The report is being submitted by the Labor Ministry, which compiled the list of 15 initiatives five months ago after meeting with mayors, ministers, MPs, and representatives of organizations aiding people in need. Czech Prime Minister Andrej Babiš (ANO) announced after that meeting that his Government would not be drafting the promised social housing law and instead would be launching an investment program to build apartment units.

Labor Minister Jana Maláčová (Czech Social Democratic Party – ČSSD) mentioned the 15 measures at that same time. Both the PM and the Labor Minister spoke of the necessity to “turn around the trafficking in poverty and the lowlife” who charge exorbitant rents for substandard housing.

Four of the 15 measures on the list have fallen by the wayside and one is uncertain. Of the 10 proposals that are planned, one involves tightening the rules for the renting of more than one apartment unit, which could become a licensed trade for the first time.

An amendment to the Trade Act is meant to regulate that process. The deadline for submitting it has yet to be announced.

Housing benefits and housing supplements could soon be combined into a single welfare benefit. Amendments to that effect to the laws on aid to those in material distress and social support are meant to be submitted by the Labor Ministry this spring.

Such adjustments to welfare benefits were already planned by the Labor Minister in the first Babiš Government, Jaroslava Němcová (ANO). She proposed addressing the situation of impoverished persons in ghettos mainly by significantly lowering the value of the welfare benefits paid to tenants of residential hotels and by making the terms under which people qualify for the benefits more exacting.

Price maps showing local customary rents should be newly used for establishing the amount of housing benefits to be awarded localy. Those maps should be ready this month.

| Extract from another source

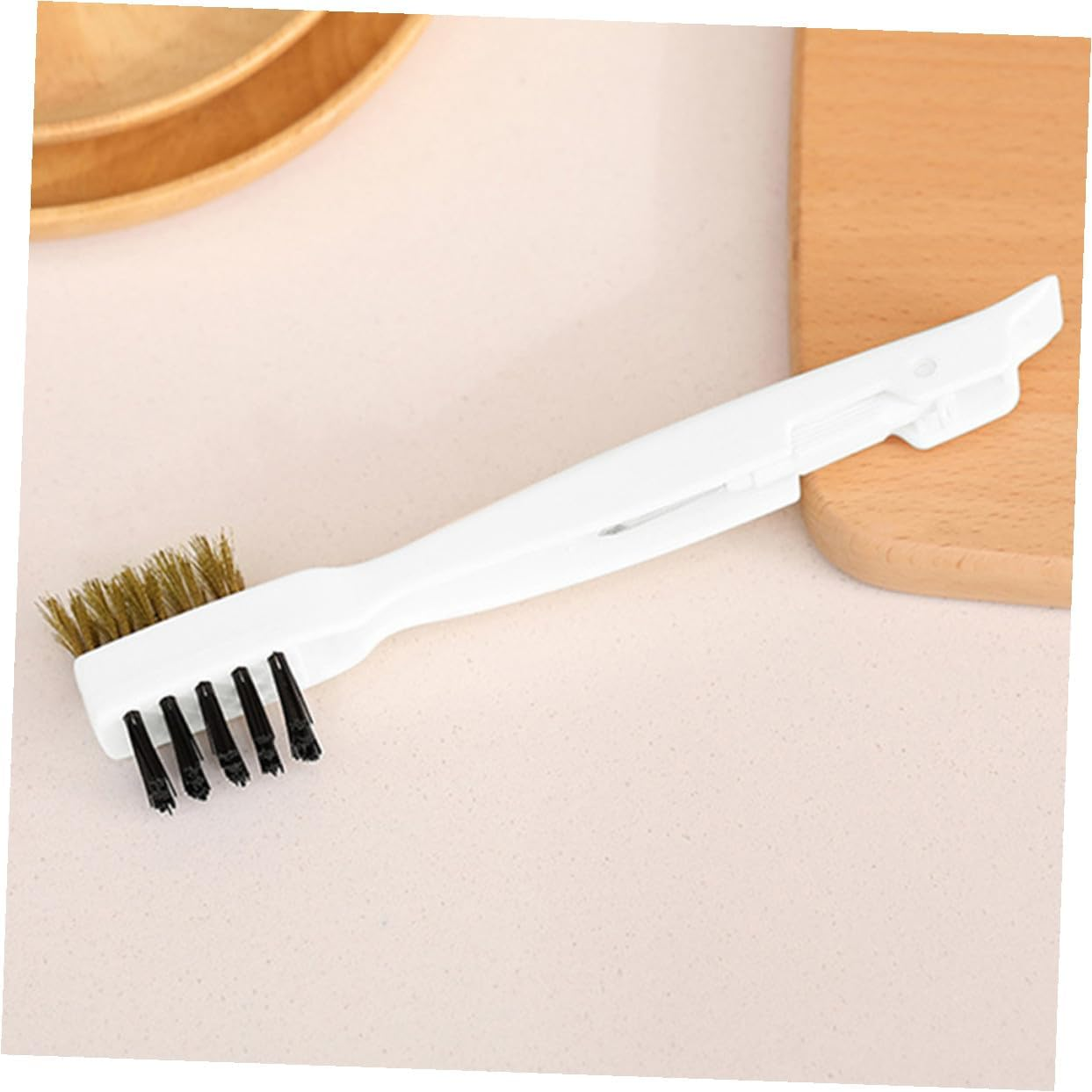 UPKOCH Gas Stove Cleaner Brush Stiff Bristle Brush Multipurpose Kitchen Cleaning for Stove Gap Cleaning image number 6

The original initiative to buy out and repair buildings that have been devastated by neglect has now been replaced on the list by the Construction program, which offers subsidies for municipalities to acquire apartment units. The Regional Development Ministry plans to launch it in April.

“The framework allocation for the year 2019 is one billion crowns [EUR 40 million], or rather 650 million crowns [EUR 25 million] for social apartments and 350 million crowns [EUR 15 million] for affordable apartments,” the report states. Regional Development Minister Klára Dostálová (ANO) spoke of spending two billion crowns [EUR 80 million] last year.

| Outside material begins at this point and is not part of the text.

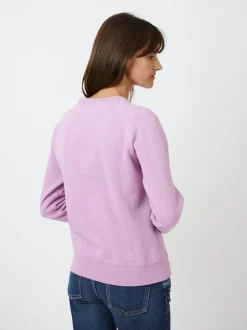 Milla Sweat Shirt in Lilac/Purple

A drafted amendment about employment should facilitate the long-term use of public benefit jobs that are currently time-bound. The measure is meant to ensure “that all who are capable of working actually do so”.

The ministries have not reached agreement on financing the beefing up of prevention work or social work meant to contribute toward clients improving their work habits, maintaining their housing, or accessing education. The Education Ministry will not be drafting changes to the compulsory school attendance regulations which, according to the proposal, were meant to extend such attendance until pupils either acquire a vocational certificate or complete their education some other way.

The aim of that measure was to limit the number of pupils who fail to complete their compulsory education. The measures also included arranging for the rules on neighborly co-existence and nighttime quiet to be more enforceable, or requiring people to report on their permanent and temporary residences according to their actual place of residence.

No work will be done on those measures now. Some of the proposals from the 15-point list were previously discussed by the Government of Bohuslav Sobotka (ČSSD).

Some of the same measures were proposed by the then-Human Rights Minister, Jiří Dienstbier, and by Labor Minister Michaela Marksová (both ČSSD). The then-cabinet of ANO, the Christian Democrats and the ČSSD did not see through the proposed adjustments.

According to experts on social issues and representatives of organizations aiding the needy, several of the measures will not be enough to fully resolve the situations of people in need and similar lists of steps will not aid them in the future either. Experts instead believe it is necessary to create a housing system.